======== INFORMATION SHOWN
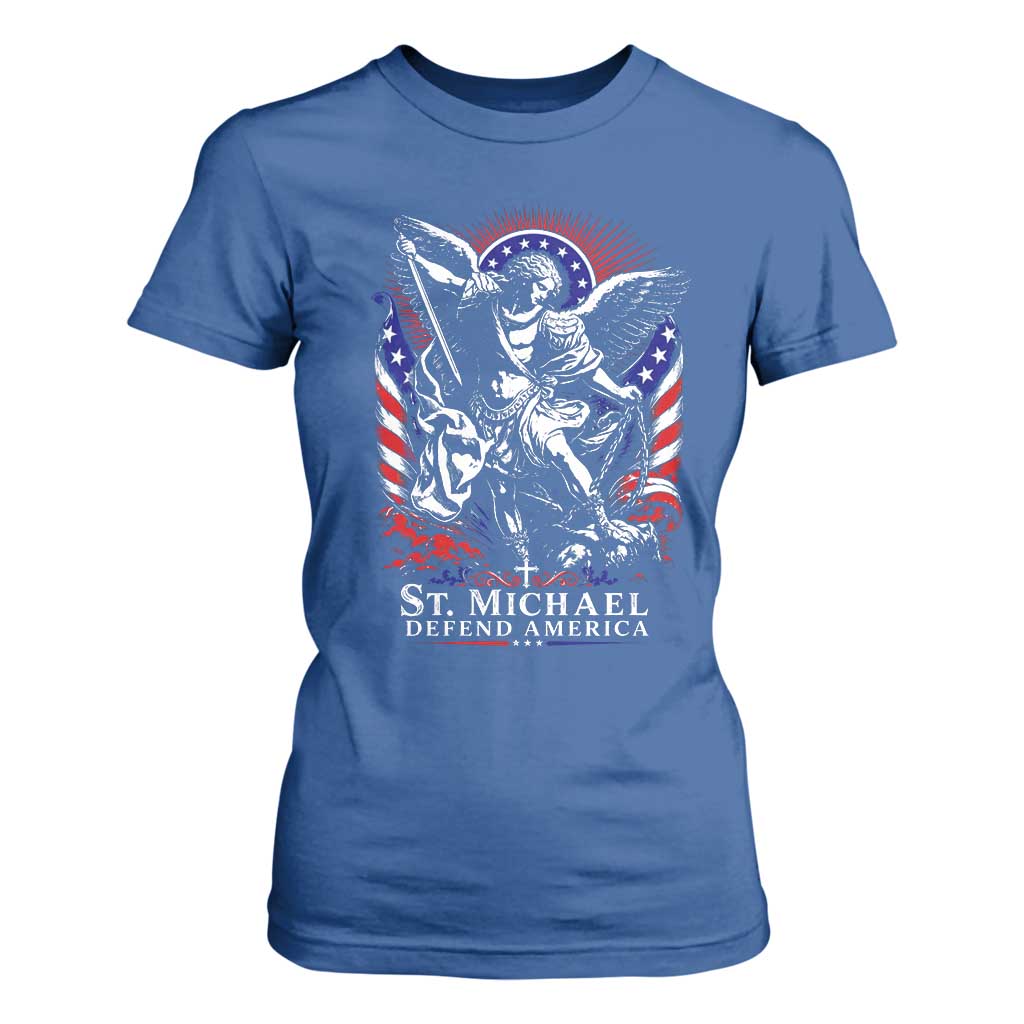 St Michael Defend America Archangel Graphic T Shirt For Women Christian Faith Patriotic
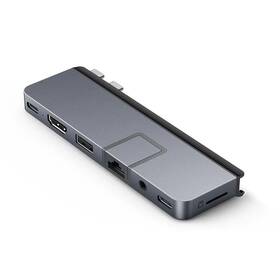 USB Hub Targus USB-C HD7-in-2 /1× USB 3.0, 2× USB-C, HDMI, Jack 3,5 mm, LAN, microSD na MacBook a NTB sivý

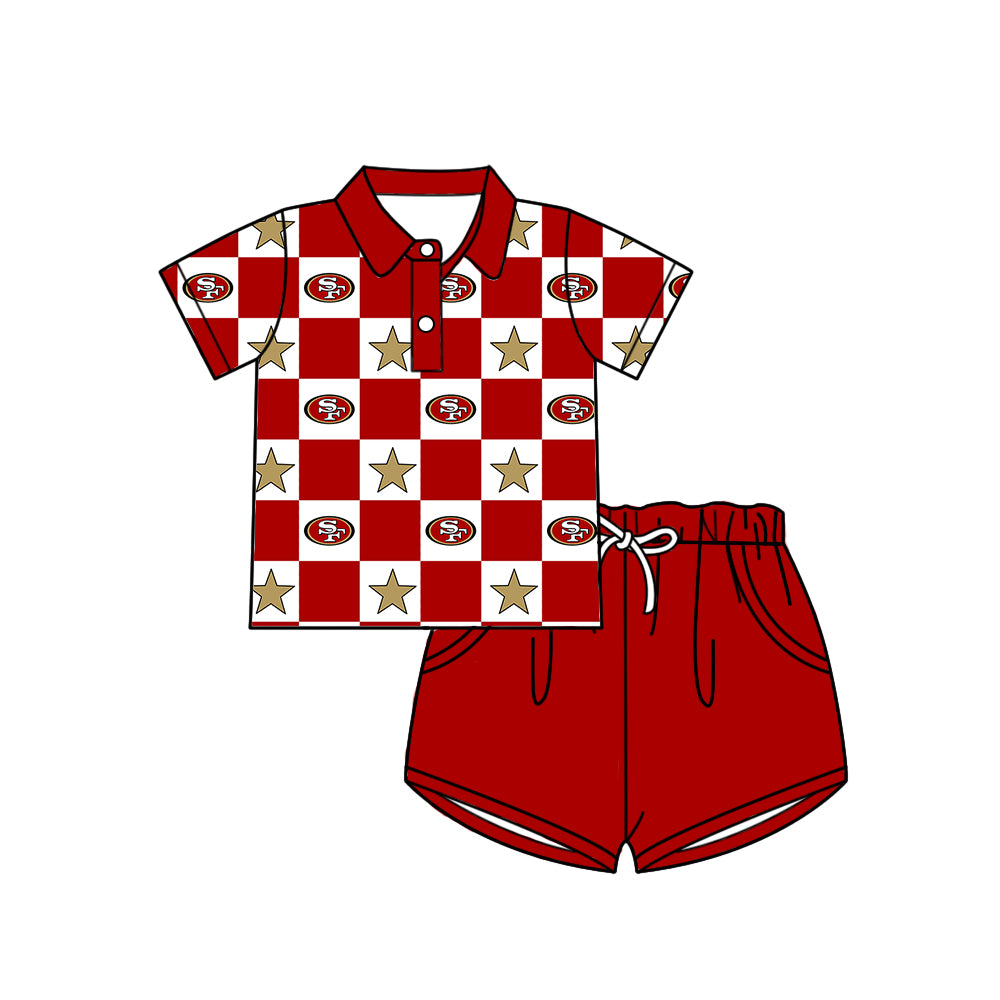 Custom moq 5 mix size milk silk summer teams Red Checked Baby Girl Sleeveless Top Skirt Short Set Dress And Shorts Yoga Outfit Boy's Top Shorts Set Romper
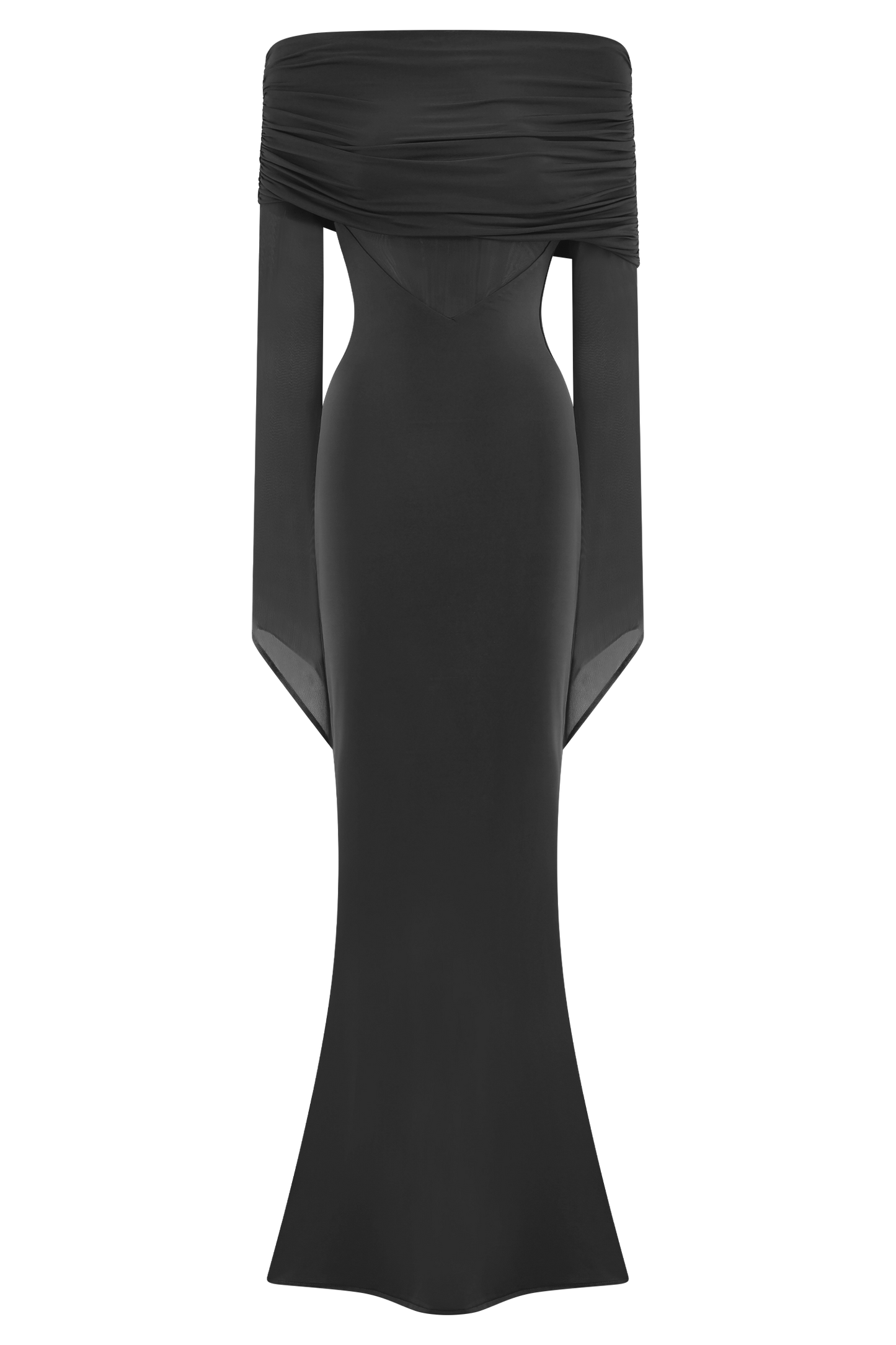 Vestido largo maxi de un solo hombro Kaitlin en silueta halter con malla - Negro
================
◆ **AIM OF THE TASK**
This task calls for an exact copy of the data above, without pictures.

◆ **RESPONSE TO THIS TASK**
 St Michael Defend America Archangel Graphic T Shirt For Women Christian Faith Patriotic
 USB Hub Targus USB-C HD7-in-2 /1× USB 3.0, 2× USB-C, HDMI, Jack 3,5 mm, LAN, microSD na MacBook a NTB sivý

 Custom moq 5 mix size milk silk summer teams Red Checked Baby Girl Sleeveless Top Skirt Short Set Dress And Shorts Yoga Outfit Boy's Top Shorts Set Romper
 Vestido largo maxi de un solo hombro Kaitlin en silueta halter con malla - Negro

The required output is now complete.